Urchin est l’œuvre de Harris Dickinson, un jeune acteur en voie de starification, qui partageait la tête d’affiche de Babygirl avec Nicole Kidman et celle de Iron Claw avec Zac Effron avant d’interpréter prochainement John Lennon sous la direction de Sam Mendes. La jeune star a réalisé son premier film. Il laisse le premier rôle à Frank Dillane récompensé par le prix du meilleur acteur de la section Un certain regard à Cannes l’an dernier. Récompense méritée tant son interprétation est incandescente.

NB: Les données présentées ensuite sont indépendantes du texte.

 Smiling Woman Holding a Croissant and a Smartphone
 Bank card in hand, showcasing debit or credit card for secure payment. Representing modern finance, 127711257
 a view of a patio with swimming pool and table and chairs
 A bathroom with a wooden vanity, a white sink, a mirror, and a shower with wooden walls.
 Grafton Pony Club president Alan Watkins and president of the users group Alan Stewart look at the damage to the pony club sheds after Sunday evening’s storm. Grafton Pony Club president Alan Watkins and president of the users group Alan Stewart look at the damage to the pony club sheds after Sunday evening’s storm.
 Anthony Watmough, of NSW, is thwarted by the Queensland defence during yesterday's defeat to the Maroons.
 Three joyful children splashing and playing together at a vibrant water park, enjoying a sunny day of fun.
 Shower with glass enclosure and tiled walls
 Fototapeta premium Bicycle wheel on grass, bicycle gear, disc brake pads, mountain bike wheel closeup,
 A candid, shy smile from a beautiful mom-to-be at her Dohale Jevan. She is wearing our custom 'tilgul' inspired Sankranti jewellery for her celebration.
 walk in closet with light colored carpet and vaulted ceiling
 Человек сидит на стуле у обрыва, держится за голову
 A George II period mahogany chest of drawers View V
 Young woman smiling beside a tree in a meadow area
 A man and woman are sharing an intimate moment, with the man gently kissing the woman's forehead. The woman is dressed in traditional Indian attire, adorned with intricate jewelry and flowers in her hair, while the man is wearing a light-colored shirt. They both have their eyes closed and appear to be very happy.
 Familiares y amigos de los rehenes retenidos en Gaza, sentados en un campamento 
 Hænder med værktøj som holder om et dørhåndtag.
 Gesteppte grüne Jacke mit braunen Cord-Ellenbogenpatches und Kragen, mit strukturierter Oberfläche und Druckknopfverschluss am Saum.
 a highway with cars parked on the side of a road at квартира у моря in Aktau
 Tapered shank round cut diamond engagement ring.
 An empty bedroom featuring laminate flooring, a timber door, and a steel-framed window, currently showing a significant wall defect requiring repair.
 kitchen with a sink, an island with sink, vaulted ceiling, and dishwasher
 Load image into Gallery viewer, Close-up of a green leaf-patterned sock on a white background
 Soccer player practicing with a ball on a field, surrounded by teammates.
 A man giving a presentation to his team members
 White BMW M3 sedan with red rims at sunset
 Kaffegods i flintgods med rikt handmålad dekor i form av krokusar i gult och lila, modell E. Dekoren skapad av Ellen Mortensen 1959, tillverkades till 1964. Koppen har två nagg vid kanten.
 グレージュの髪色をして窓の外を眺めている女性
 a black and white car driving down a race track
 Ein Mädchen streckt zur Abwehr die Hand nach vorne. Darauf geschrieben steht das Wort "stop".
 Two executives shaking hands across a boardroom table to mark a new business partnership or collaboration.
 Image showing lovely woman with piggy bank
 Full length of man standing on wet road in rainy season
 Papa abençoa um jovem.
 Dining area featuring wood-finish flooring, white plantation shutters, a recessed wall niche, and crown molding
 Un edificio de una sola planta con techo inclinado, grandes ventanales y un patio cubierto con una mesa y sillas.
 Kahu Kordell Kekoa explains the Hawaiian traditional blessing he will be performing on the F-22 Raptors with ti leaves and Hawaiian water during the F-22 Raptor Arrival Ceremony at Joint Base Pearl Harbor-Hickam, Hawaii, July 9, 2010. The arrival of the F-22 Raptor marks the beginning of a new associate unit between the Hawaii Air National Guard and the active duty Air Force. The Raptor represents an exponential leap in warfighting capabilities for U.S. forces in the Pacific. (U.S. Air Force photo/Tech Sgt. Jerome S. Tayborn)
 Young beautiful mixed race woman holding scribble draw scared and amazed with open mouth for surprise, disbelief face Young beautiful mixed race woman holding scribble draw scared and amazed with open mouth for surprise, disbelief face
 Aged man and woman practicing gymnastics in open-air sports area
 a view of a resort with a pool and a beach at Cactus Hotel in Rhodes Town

Urchin raconte, sans effet de manche, sans figure de style, une page de la vie d’un SDF. On voit Mike tenter de renouer avec une vie normale, travailler dans les cuisines d’un restaurant, s’essayer à la vie de couple avec une collègue de travail. Urchin n’est pas un film social, un film à thèse, façon Ken Loach dans lequel la grandeur des gens de peu est glorifiée et l’inhumanité d’une société sans cœur stigmatisée.
Son personnage est extraordinairement ambigu ce qui en fait la richesse et l’intérêt. Mike est-il un gamin détruit par une enfance sans amour dont la rédemption est possible ? ou un sauvageon perverti que rien n’empêchera de glisser inexorablement sur la pente de ses addictions ? Si j’osais, je dirais qu’on aura l’une ou l’autre opinion de lui selon qu’on est de droite ou de gauche. Etant au centre, j’ai eu les deux et j’ai adoré cette indécision.